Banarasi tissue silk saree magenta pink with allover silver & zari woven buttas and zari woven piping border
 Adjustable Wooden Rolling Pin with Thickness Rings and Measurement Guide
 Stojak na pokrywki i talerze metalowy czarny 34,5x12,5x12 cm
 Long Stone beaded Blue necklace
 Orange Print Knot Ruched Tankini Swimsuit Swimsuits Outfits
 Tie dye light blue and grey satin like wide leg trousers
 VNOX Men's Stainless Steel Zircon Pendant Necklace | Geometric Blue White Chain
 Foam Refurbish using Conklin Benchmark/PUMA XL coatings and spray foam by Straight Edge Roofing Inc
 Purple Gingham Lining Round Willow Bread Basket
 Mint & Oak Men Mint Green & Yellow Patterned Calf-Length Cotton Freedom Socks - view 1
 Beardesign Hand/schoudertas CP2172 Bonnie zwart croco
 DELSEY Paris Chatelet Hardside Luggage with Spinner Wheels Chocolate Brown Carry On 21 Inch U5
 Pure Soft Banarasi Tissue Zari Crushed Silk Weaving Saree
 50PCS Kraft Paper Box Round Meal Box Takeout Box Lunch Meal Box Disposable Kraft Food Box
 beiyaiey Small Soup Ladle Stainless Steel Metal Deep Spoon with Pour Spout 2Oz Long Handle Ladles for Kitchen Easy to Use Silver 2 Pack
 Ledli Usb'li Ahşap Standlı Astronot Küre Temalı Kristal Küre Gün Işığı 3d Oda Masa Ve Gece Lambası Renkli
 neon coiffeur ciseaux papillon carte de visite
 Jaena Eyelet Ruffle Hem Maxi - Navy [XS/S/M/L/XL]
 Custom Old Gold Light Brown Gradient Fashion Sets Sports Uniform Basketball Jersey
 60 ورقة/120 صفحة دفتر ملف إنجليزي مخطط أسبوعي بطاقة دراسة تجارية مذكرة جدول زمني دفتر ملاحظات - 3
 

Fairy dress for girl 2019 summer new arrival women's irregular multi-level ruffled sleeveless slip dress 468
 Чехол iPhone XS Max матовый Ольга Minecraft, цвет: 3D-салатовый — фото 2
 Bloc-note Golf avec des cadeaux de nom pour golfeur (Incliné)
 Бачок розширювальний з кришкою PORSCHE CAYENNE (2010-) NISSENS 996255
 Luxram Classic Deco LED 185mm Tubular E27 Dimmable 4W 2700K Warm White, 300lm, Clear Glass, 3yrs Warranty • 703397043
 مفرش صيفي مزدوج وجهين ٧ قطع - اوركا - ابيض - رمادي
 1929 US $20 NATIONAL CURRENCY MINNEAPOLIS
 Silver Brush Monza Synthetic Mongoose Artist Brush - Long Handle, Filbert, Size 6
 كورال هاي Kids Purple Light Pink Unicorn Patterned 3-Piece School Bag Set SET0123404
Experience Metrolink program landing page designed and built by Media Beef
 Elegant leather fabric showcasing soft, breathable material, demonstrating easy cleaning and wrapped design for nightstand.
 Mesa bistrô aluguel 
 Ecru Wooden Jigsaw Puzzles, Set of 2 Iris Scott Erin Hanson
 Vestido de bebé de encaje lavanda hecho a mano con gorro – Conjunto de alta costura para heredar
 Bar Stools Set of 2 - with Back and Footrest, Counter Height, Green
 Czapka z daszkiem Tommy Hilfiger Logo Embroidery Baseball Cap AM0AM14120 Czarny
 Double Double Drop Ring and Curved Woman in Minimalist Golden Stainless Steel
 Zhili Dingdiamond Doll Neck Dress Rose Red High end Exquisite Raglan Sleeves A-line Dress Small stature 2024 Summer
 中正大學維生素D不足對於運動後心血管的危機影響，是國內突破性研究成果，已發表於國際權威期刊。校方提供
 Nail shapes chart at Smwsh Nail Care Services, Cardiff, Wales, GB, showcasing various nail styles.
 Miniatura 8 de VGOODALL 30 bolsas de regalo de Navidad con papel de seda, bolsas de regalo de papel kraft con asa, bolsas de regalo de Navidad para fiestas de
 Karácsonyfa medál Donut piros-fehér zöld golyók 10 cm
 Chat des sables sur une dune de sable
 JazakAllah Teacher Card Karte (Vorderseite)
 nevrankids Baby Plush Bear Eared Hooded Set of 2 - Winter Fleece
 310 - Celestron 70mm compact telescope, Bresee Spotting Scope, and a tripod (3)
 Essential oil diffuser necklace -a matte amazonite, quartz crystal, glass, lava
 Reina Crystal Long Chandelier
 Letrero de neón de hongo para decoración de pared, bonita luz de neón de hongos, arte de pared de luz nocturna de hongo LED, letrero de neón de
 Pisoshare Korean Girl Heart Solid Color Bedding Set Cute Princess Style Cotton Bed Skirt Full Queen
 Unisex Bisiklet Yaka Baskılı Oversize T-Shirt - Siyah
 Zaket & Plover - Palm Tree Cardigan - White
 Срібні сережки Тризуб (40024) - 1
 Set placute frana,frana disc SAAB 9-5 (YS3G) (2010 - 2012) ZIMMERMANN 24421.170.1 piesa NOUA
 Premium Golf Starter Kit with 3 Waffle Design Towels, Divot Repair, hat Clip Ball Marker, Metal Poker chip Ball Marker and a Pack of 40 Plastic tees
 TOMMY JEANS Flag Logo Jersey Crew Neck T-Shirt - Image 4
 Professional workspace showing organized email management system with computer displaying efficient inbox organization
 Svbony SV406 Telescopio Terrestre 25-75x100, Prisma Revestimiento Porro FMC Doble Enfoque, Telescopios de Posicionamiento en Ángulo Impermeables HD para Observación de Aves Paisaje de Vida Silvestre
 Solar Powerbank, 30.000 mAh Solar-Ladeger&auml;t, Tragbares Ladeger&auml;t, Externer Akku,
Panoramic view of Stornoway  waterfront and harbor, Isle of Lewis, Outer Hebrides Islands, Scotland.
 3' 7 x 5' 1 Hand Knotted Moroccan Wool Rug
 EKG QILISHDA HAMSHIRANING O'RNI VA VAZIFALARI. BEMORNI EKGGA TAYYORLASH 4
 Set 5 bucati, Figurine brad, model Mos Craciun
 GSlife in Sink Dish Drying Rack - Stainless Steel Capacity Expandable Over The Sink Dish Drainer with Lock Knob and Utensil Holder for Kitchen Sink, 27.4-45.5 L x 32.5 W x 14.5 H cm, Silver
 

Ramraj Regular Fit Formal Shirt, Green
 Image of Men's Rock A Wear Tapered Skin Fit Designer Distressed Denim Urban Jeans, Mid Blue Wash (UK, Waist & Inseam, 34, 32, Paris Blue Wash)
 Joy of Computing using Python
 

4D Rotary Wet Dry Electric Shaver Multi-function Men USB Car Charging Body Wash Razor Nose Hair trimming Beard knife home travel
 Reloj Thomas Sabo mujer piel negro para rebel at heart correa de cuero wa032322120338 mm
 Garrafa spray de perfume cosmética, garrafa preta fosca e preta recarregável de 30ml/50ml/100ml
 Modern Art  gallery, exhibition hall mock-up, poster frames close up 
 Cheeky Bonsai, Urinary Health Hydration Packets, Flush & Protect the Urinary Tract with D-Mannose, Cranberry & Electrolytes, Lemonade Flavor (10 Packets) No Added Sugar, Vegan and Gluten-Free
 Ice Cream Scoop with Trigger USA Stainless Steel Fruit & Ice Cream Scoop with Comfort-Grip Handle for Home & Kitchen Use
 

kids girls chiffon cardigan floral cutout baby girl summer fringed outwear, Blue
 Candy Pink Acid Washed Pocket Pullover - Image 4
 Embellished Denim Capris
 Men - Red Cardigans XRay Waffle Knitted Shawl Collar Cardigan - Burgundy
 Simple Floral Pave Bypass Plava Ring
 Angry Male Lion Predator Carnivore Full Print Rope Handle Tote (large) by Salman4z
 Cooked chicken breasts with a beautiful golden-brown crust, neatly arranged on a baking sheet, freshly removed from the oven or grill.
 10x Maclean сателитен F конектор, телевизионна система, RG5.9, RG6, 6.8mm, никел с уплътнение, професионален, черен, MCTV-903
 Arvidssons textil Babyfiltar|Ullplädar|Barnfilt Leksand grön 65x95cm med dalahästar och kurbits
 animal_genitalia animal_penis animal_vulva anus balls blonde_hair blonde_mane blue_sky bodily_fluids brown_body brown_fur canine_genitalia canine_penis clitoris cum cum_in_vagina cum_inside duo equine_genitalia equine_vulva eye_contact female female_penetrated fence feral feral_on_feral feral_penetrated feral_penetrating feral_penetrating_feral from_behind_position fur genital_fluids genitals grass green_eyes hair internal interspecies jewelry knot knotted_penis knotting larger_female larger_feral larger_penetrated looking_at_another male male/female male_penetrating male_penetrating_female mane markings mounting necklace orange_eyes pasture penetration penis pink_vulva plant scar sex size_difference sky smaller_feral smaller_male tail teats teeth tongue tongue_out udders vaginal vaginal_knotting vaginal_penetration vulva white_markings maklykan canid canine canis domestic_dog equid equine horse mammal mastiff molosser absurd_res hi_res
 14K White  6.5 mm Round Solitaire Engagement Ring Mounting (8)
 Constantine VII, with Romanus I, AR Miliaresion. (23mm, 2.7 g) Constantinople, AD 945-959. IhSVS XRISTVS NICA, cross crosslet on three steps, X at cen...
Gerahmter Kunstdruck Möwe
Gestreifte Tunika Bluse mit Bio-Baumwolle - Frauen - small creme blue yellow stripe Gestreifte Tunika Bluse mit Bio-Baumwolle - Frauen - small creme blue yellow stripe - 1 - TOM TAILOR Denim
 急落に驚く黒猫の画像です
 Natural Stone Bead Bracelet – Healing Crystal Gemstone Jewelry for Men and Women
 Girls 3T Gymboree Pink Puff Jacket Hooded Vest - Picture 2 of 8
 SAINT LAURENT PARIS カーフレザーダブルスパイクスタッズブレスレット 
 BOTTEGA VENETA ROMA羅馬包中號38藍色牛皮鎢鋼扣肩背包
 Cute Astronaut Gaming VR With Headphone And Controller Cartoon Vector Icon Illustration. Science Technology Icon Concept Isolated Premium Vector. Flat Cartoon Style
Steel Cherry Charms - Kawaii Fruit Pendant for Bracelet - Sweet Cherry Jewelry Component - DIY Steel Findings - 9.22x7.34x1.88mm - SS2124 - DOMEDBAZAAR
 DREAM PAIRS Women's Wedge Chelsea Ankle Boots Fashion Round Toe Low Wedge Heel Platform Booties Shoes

■ ASSIGNED TASK ■
From the material above, copy each line that includes the word "Full".

■ WRITTEN ANSWER ■
 Pisoshare Korean Girl Heart Solid Color Bedding Set Cute Princess Style Cotton Bed Skirt Full Queen
 Angry Male Lion Predator Carnivore Full Print Rope Handle Tote (large) by Salman4z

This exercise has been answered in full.